Fundado en 1910

En el Jardín del Edén no había olas de calor, de eso no hay duda. Y menos en junio. Es cierto que el clima sería cálido porque iban siempre en cueros, a lo más con una hoja de higuera cuando refrescaba o cuando mordían lo que no tenían que morder. Pero nada comparado a lo de esta semana en nuestro valle de lágrimas. Hasta el hecho de tener piel ha resultado sofocante. Y está claro que la culpa no es mía porque no tengo aire acondicionado y llevo días durmiendo en el suelo, sino de esos sudorosos burgueses que no dudan en recalentar el planeta si con ello consiguen enfriar su salón. Y como si no bastara con lo anterior: la calima, este polvo sahariano y opresivo que hace que el cielo y la tierra se confundan hasta el punto de que ayer me despisté y, cuando quise darme cuenta, había recorrido la calle bocabajo.

Al parecer, en el Jardín Adán y Eva podían, con contadísimas excepciones, alargar la mano y comer el fruto que más les apeteciera: la tierra era fértil y los árboles generosos. En cambio aquí… Pregunten a los agricultores: primero hay que domesticar la indómita tierra y luego zarandear y estrujar los olivos para que te den algo, poco, nada, cada vez menos a causa del calor y la escasez de lluvia. Aunque tampoco los agricultores son muy de fiar porque su pesimismo no envejece y, como la primavera, parece estrenarse cada año. Es más, estoy seguro de que allá en el neolítico, tras la primera cosecha de la prehistoria, el primer agricultor llegaría a su choza apesadumbrado, quejándose de que la cosecha del año anterior había sido mucho más abundante. El declive empezó con aquel pionero de la agricultura. Diez milenios han pasado desde entonces.

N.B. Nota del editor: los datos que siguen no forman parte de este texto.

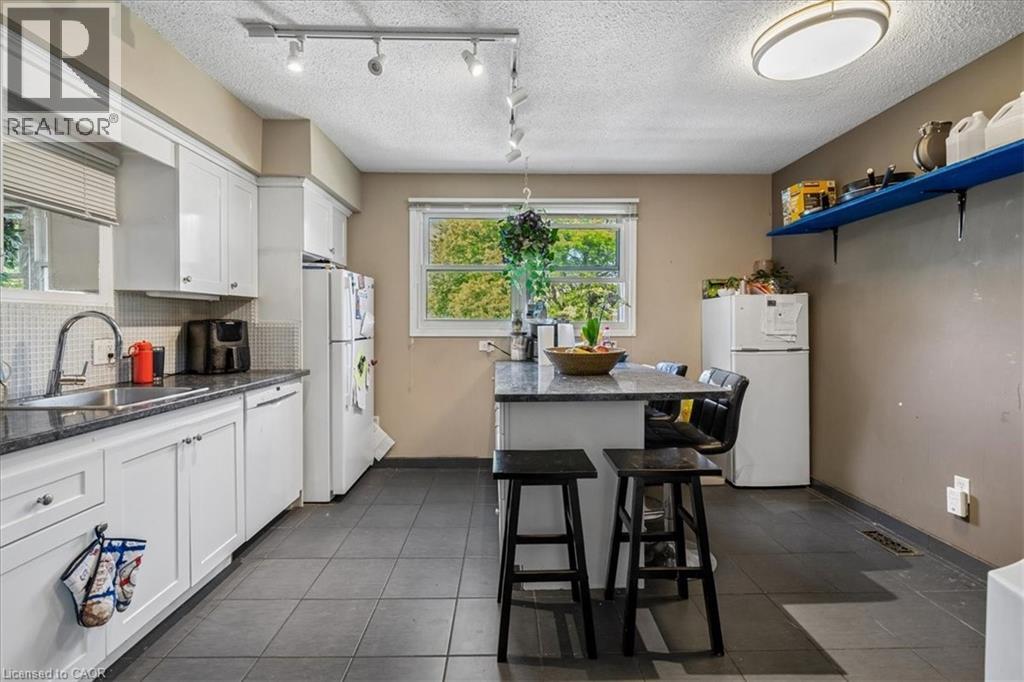 80 MACLENNAN Avenue - 32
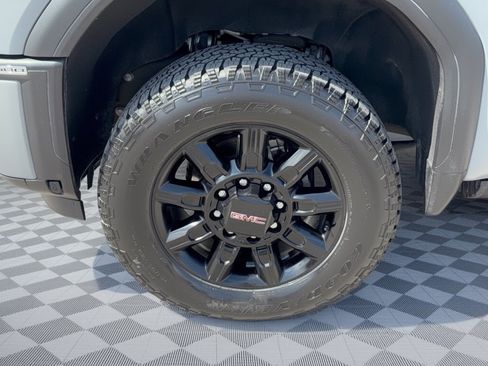 Certified 2025 GMC Sierra 3500 AT4 w/ Technology Package AWD/4WD image 13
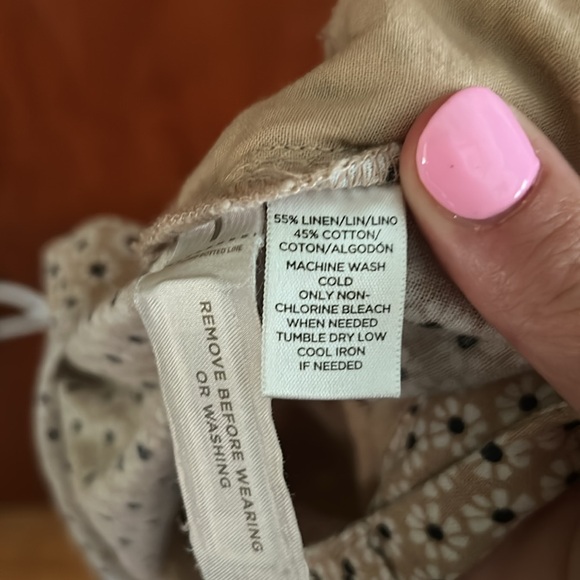 Ann Taylor LOFT floral print shorts size 14 - Picture 6 of 7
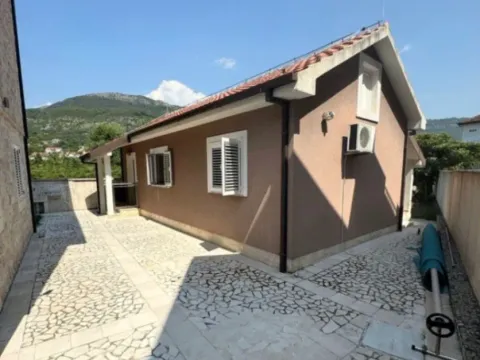 Prodaja, kuća, 267m², Tivat, Crna Gora - image 9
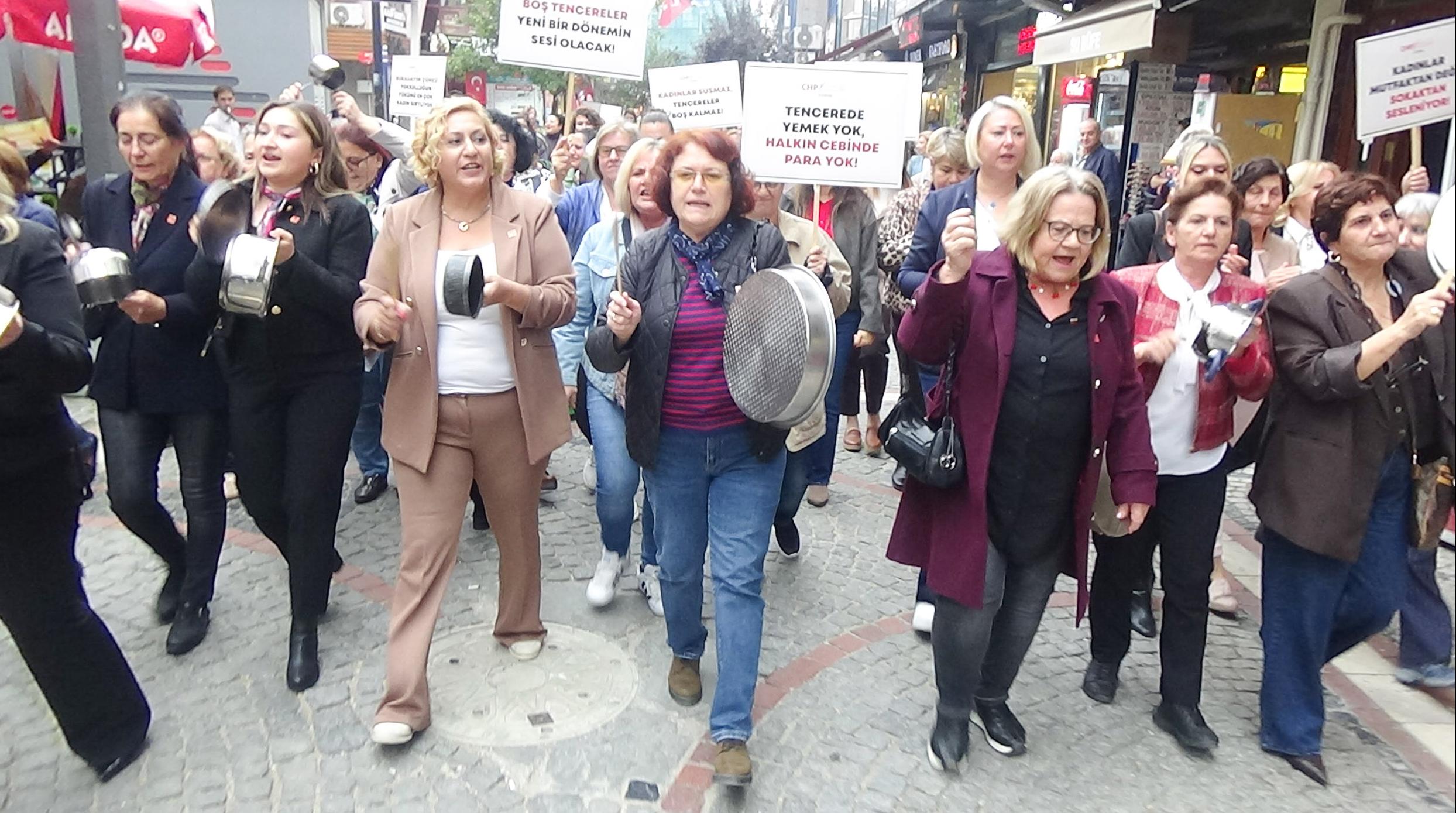 Kadınlardan boş tencere eylemi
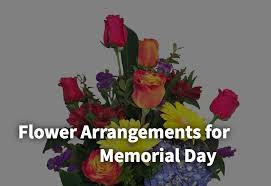 It was first observed on 30 may 1868, when flowers were placed on the graves of union and confederate. Flower Arrangements For Memorial Day Rose Blossom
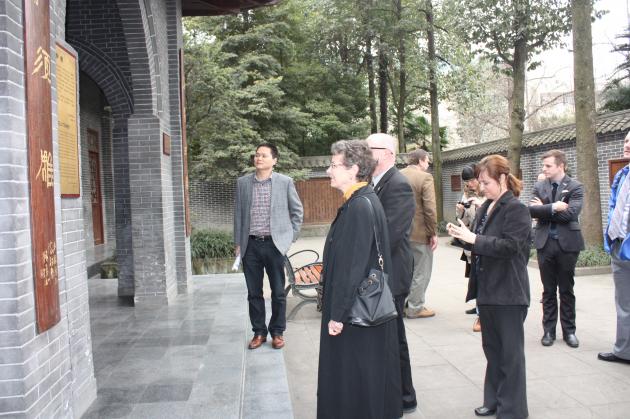 美國高中校長考察團訪問雙流中學(xué)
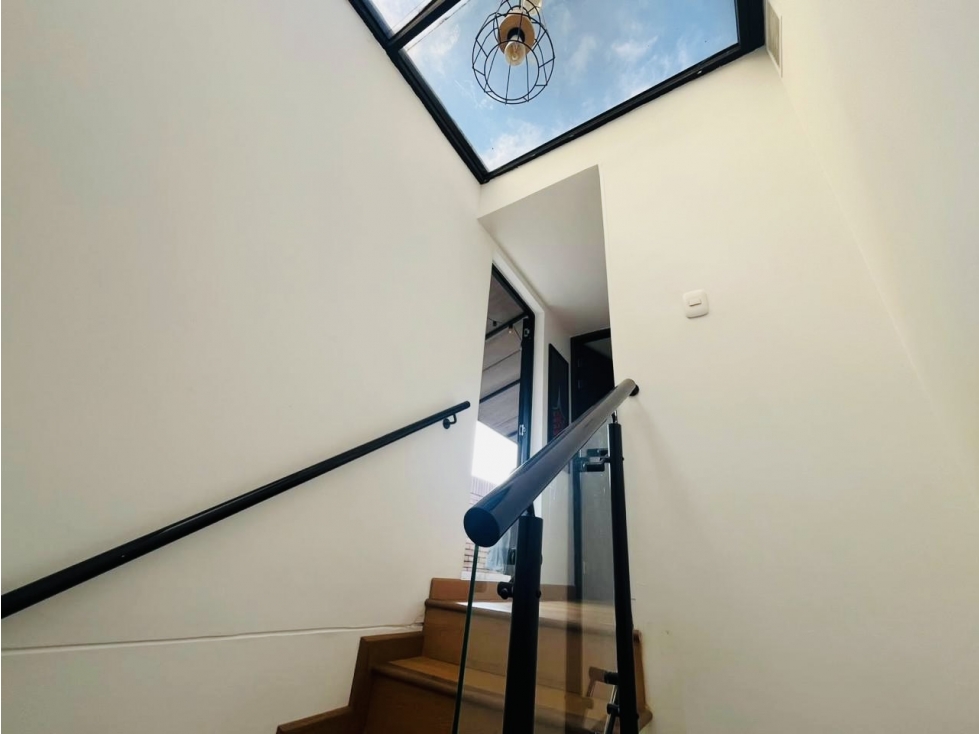 Apto Duplex terraza cedritos — foto 6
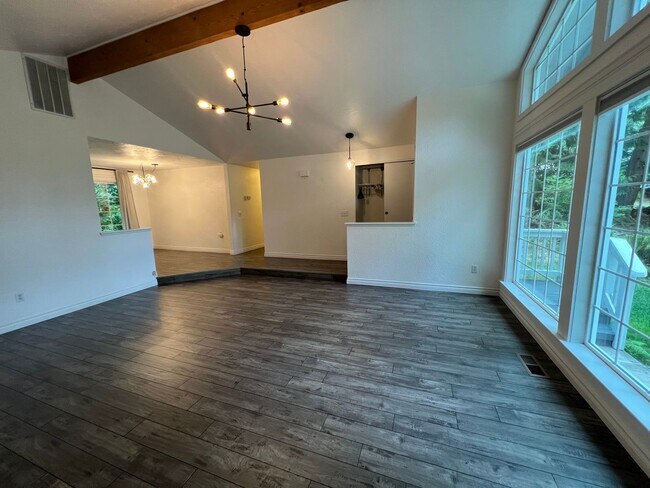 Building Photo - 3 Bed, 2 Bath with Garage in Sudden Valley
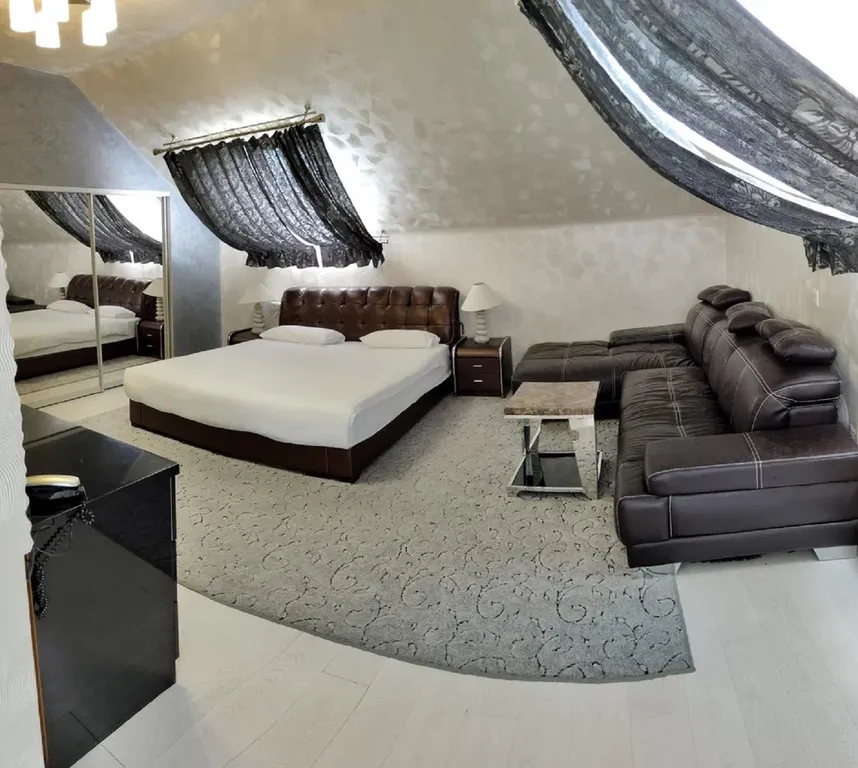Квартира Квартира Просторная студия с кухней — Сириус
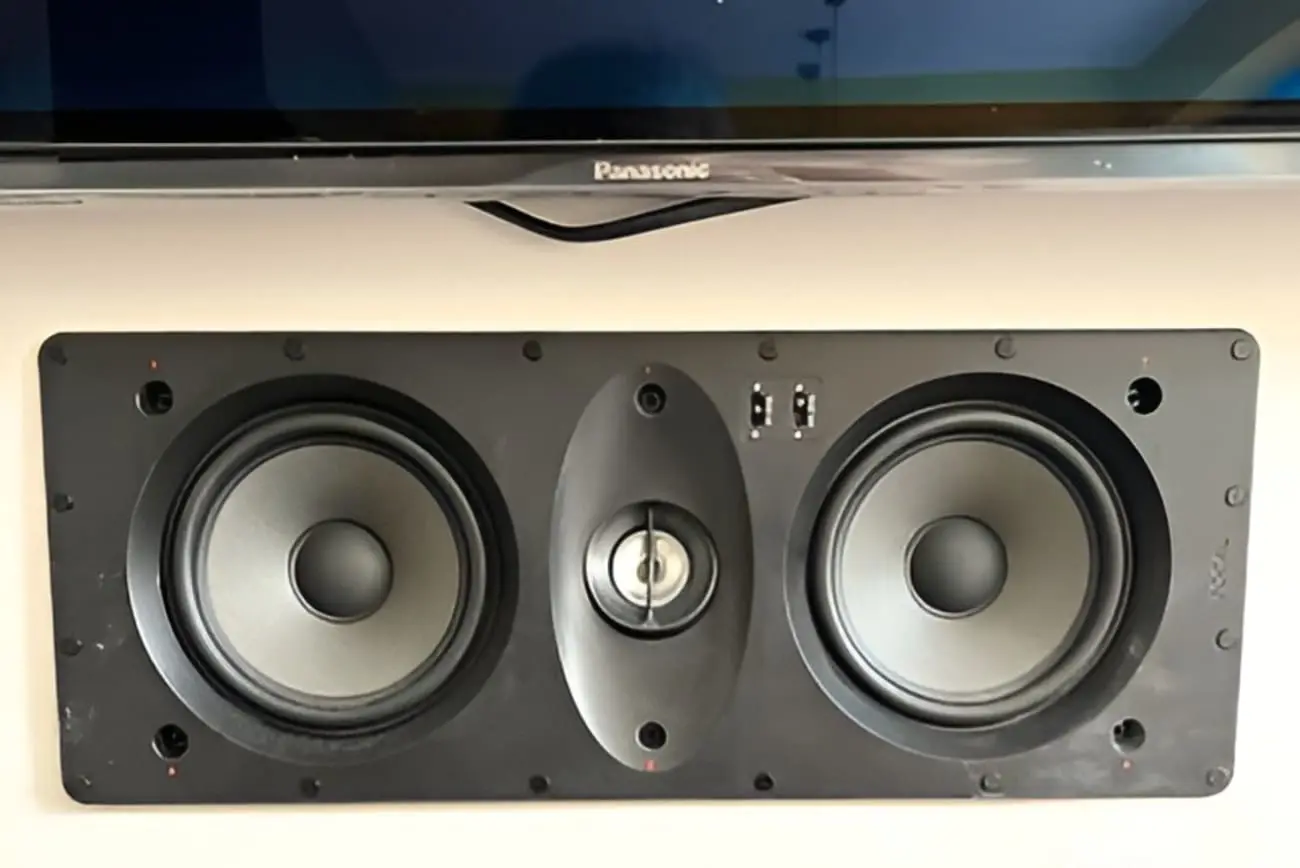 Loa âm tường Focal 100 IWLCR5 – Hệ loa home cinema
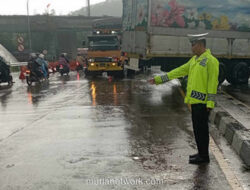 Kecelakaan Beruntun Exit Tol Bawen: Truk Rem Blong Tabrak 4 Mobil, 2 Orang Luka-Luka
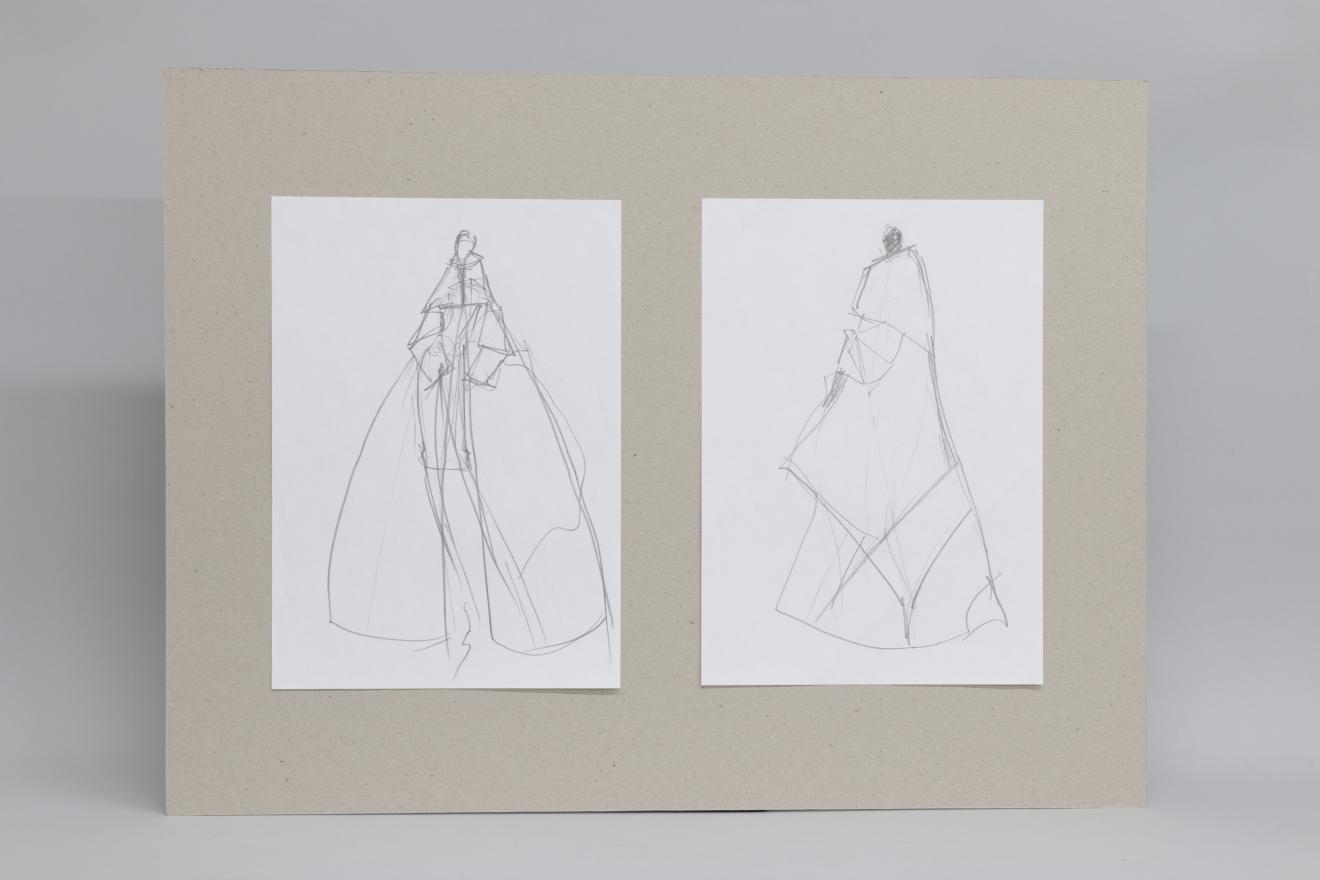 Cartón 2. Cartón gris con dos dibujos sobre fondo blanco.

También está claro que en el Edén corría, a lo sumo, una brisa, una brisilla, pero no este maldito viento que lleva meses atormentándonos y cuyo daño ni siquiera un agricultor podría exagerar. En Cádiz lo llaman «Levante», nosotros «Solano». Se trata de un viento del este que nace en las Baleares, se embala en el Estrecho y se pierde en las aguas del Atlántico tras haber desquiciado a media Andalucía. Llega de repente y se adueña de todo durante tres, cinco o siete días, pues no se ha visto que el Solano se apacigüe en número par. Solo nosotros entendimos aquello que dijo Zapatero en un sarao de la ONU de que «la tierra no pertenece a nadie (pausa dramática), salvo al viento». Y que lo digas. Donde hay Levante, el hombre está sin estar, está de prestado, agarrado como una garrapata en algún pliegue.

Y tanto el viento como el calor hacen que no haya compensado que Adán y Eva tomasen aquel fruto prohibido por más sabroso que fuera. Ahí nos la jugaron bien. Pero si me violento hasta ver el lado positivo del asunto, se me ocurre que lo inhóspito de este mundo nos obliga a anhelar a Otro. También evita que nos apoltronemos y de paso nos recuerda que estamos aquí sin ser de aquí; nos hace sospechar que, en el fondo del fondo, somos algo parecido a forasteros. La incomodidad aviva nuestra añoranza del Jardín y puede llegar a convertirla en esperanza por reencontrarlo al final del camino. En otras palabras, el mal clima puede hacernos volver de una vez los ojos a Lo Alto. Aunque con esta calima sería casi lo mismo que volverlos al suelo.